>>>

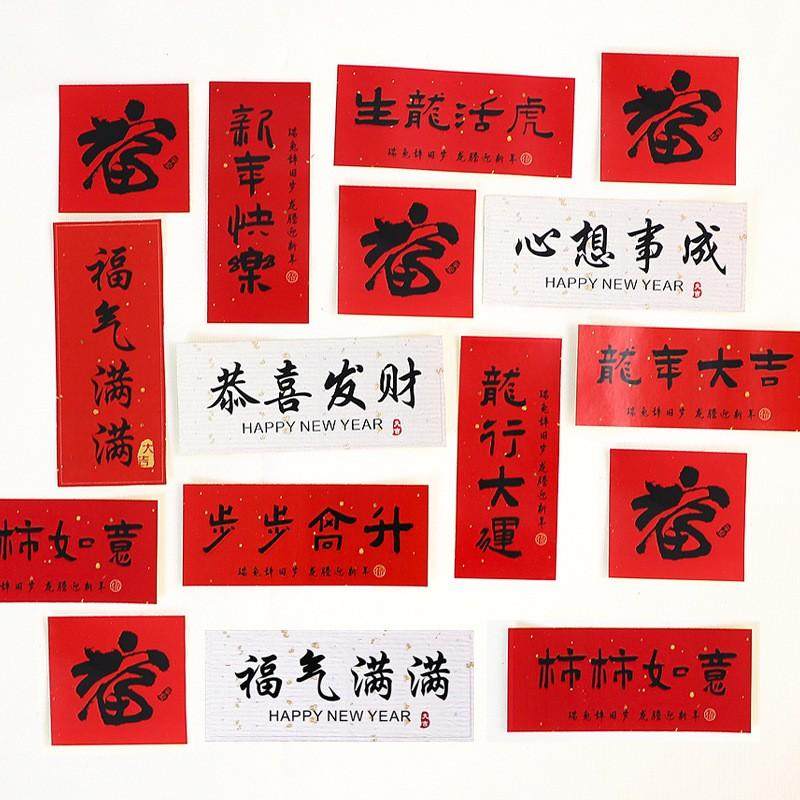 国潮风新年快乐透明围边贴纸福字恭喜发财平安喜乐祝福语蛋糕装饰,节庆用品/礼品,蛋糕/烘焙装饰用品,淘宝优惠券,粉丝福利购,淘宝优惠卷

<<<
>>>

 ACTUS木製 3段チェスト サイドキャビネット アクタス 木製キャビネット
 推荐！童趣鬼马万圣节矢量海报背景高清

<<<

- Your instructions
Considering only the material above, set down every line from the one with "ACTUS木製 3段チェスト サイドキャビネット アクタス 木製キャビネット" to the one with "推荐！童趣鬼马万圣节矢量海报背景高清", inclusive, exactly as written.

- Task answer
 ACTUS木製 3段チェスト サイドキャビネット アクタス 木製キャビネット
 推荐！童趣鬼马万圣节矢量海报背景高清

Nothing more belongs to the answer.